Naninina is as traditional as albums get and this is not typical Vusi Nova, yet it is authentic and represents his Xhosa roots.

“On my first album I was trying to do the Afro-pop thing. People think that the album with I’d Rather Go Blind is my first album. I had another album before that called Ndimfumene. It was a good album. Naninina is actually my fourth album. I think Nathi had a lot to do with the direction I took on this album. He reminded me how beautiful our Xhosa language is. We talk a lot because we are close, but I think that a lot of what we feel is best said in our mother tongue. I won’t lie, I was raised on R&B greats like Motown who inspired me, but when I think of Nathi, and the things we talked about, I realised that I needed to have an album that represented me. When he started out, he was worried about his English during interviews and I was the one telling him to address people in Xhosa. Before making this album, he reminded me of that and I decided to record in Xhosa all the way,” he explained.
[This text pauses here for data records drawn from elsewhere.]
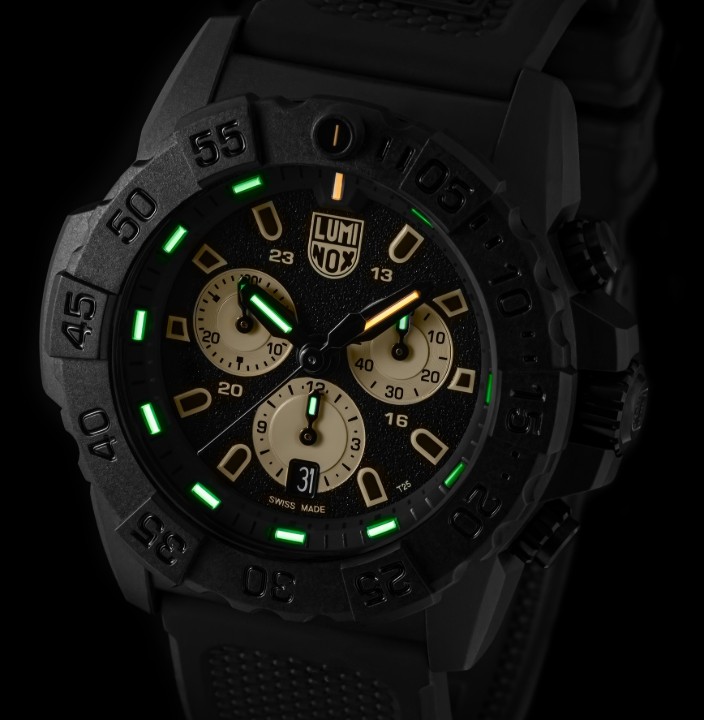 Obrázek Luminox Navy SEAL 3580 Series Chronograph
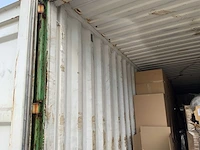 Evergreen gesloten zeecontainer 40 voet highcube - afbeelding 2 van  13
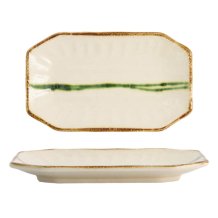 TDS, Large Plate, Sawarabi, 19 x 11.2 x 2 cm, Item No. 20699
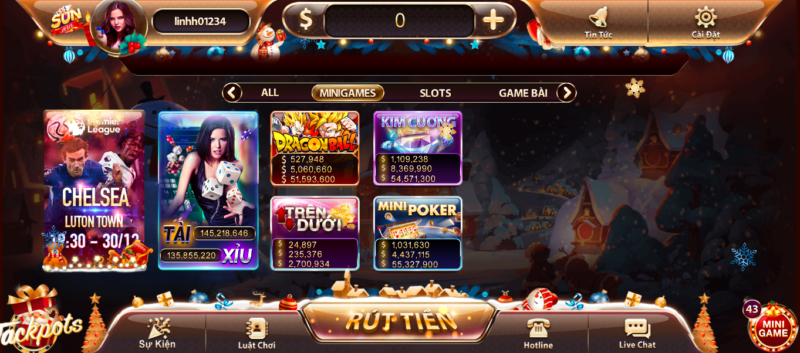 Giới thiệu về Mini game Kim Cương tại sun win club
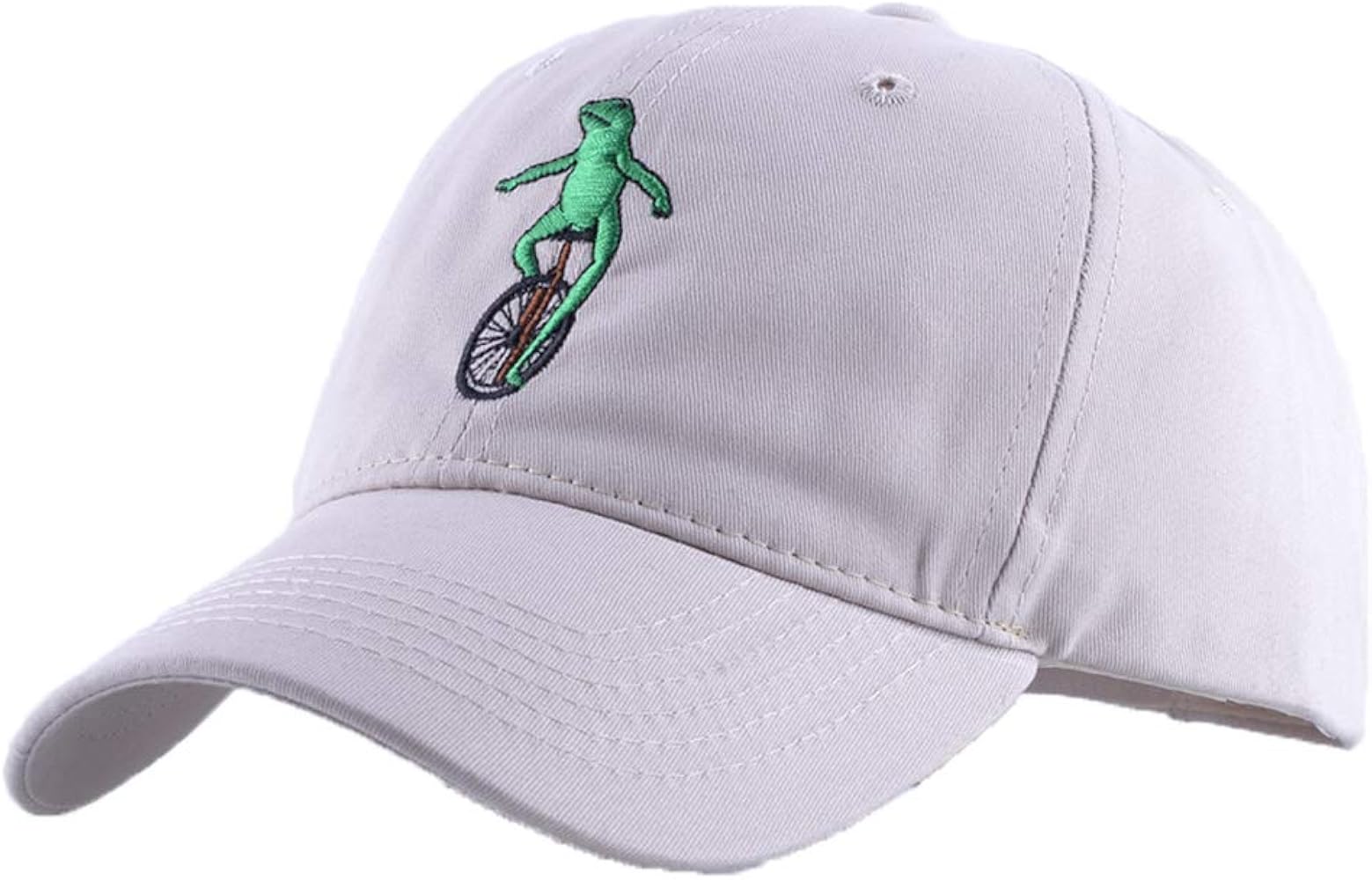 Frog Hat Funny Baseball Cap Dad Hats Outdoor Frog Cycling Cap Funny Hats Cap Baseball Cap Men Adjustable Strapback Cap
What most people do not know is that Vusi Nova actually heard of Nathi actually heard of Vusi Nova heard of him before the multi-platinum Buyelekhaya album and was instrumental in getting him signed. The two are now close friends.

“I heard Nathi’s song at the Muthaland offices a few years ago and asked who it was. I was told it was some guy from the Eastern Cape and I asked that he be brought to Joburg because I wanted to record with him. He came through, we recorded Nomakanjani which he went on to put on his album. The rest is history,” he said.

So will Naninina surpass Buyelekhaya?

“I don’t want to sound arrogant, and Nathi and I are not competing, but I think I did good so these albums will be on par or Naninina might just do better. At the end of the day we are not competing.”